But though this part of the Mysterium Cosmographicum was a failure, the same researches continued to occupy Kepler's mind; and twenty-two years later led him to one of the important rules known to us as "Kepler's Laws;" namely, to the rule connecting the mean distances of the planets from the sun with the times of their revolutions. This rule is expressed in mathematical terms, by saying that the squares of the periodic times are in the same proportion as the cubes of the distances; and was of great importance to Newton in leading him to the law of the sun's attractive force. We may properly consider this discovery as the sequel of the train of thought already noticed. In the beginning of the Mysterium, Kepler had said, "In the year 1595, I brooded with the whole energy of my mind on the subject of the Copernican system. There were three things in particular of which I pertinaciously sought the causes why they are not other than they are; the number, the size, and the motion of the orbits." We have seen the nature of his attempt to account for the two first of these points. He had also made some essays to connect the motions of the planets with their distances, but with his success in this respect he was not himself completely satisfied. But in the fifth book of the Harmonice Mundi, published in 1619, he says, "What I prophesied two-andtwenty years ago as soon as I had discovered the Five Solids among the Heavenly Bodies; what I firmly believed before I had seen the Harmonics of Ptolemy; what I promised my friends in the title of this book (On the most perfect Harmony of the Celestial Motions), which I named before I was sure of my discovery; what sixteen years ago I regarded as a thing to be sought; that for which I joined Tycho Brahe, for which I settled in Prague, for which I have devoted the best part my life to astronomical contemplations; at length I have brought to light, and have recognized its truth beyond my most sanguine expectations."

of

The rule thus referred to is stated in the third Chapter of this fifth Book. "It is," he says, "a most certain and exact thing that the proportion which exists between the periodic times of any two planets is precisely the sesquiplicate of the proportion of their mean distances; that is, of the radii of the orbits. Thus, the period of the earth is one year, that of Saturn thirty years; if any one trisect the proportion, that

is, take the cube root of it, and double the proportion so found, that is, square it, he will find the exact proportion of the distances of the Earth and of Saturn from the sun. For the cube root of 1 is 1, and the square of this is 1; and the cube root of 30 is greater than 3, and therefore the square of it is greater than 9. And Saturn at his mean distance from the sun is at a little more than 9 times the mean distance of the Earth."
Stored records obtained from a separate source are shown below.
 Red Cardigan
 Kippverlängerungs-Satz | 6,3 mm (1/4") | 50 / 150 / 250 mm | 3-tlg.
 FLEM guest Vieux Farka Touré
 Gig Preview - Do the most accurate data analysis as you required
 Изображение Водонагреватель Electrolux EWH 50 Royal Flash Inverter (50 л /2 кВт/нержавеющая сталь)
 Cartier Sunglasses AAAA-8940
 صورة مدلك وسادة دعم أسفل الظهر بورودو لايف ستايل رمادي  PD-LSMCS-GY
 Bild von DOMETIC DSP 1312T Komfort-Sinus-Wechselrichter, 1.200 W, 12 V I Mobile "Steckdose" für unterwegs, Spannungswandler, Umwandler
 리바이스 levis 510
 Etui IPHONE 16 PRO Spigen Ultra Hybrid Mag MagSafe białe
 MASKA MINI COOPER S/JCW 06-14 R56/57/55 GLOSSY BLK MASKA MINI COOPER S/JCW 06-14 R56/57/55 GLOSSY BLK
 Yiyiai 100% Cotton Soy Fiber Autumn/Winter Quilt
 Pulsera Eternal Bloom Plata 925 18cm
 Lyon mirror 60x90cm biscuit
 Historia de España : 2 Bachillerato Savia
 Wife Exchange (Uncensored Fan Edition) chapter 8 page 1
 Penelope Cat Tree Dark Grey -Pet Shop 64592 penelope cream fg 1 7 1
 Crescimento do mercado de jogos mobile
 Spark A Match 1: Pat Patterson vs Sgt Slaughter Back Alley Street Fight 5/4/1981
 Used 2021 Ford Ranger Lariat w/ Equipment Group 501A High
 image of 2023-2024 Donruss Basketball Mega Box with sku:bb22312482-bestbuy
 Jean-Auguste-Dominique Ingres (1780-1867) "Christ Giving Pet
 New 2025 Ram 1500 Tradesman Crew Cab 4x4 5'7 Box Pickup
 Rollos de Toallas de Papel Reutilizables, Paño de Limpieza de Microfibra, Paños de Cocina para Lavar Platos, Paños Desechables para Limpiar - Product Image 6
When we now look back at the time and exertions which the establishment of this law cost Kepler, we are tempted to imagine that he was strangely blind in not seeing it sooner. His object, we might reason, was to discover a law connecting the distances and the periodic times. What law of connection could be more simple and obvious, we might say, than that one of these quantities should vary as some power of the other, or as some root; or as some combination of the two, which in a more general view, may still be called a power? And if the problem had been viewed in this way, the question must have occurred, to what power of the periodic times are the distances proportional? And the answer must have been, the trial being made, that they are proportional to the square of the cube root. This expost-facto obviousness of discoveries is a delusion to which we are liable with regard to many of the most important principles. In the case of Kepler, we may observe, that the process of connecting two classes of quantities by comparing their powers, is obvious only to those who are familiar with general algebraical views; and that in Kepler's time, algebra had not taken the place of geometry, as the most usual vehicle of mathematical reasoning. It may be added, also, that Kepler always sought his formal laws by means of physical reasonings; and these, though vague or erroneous, determined the nature of the mathematical connection which he assumed. Thus in the Mysterium he had been led by his notions of moving virtue of the sun to this conjecture, among others-that, in the planets, the increase of the periods will be double of the difference of the distances; which supposition he found to give him an approach to the actual proportion of the distances, but one not sufficiently close to satisfy him.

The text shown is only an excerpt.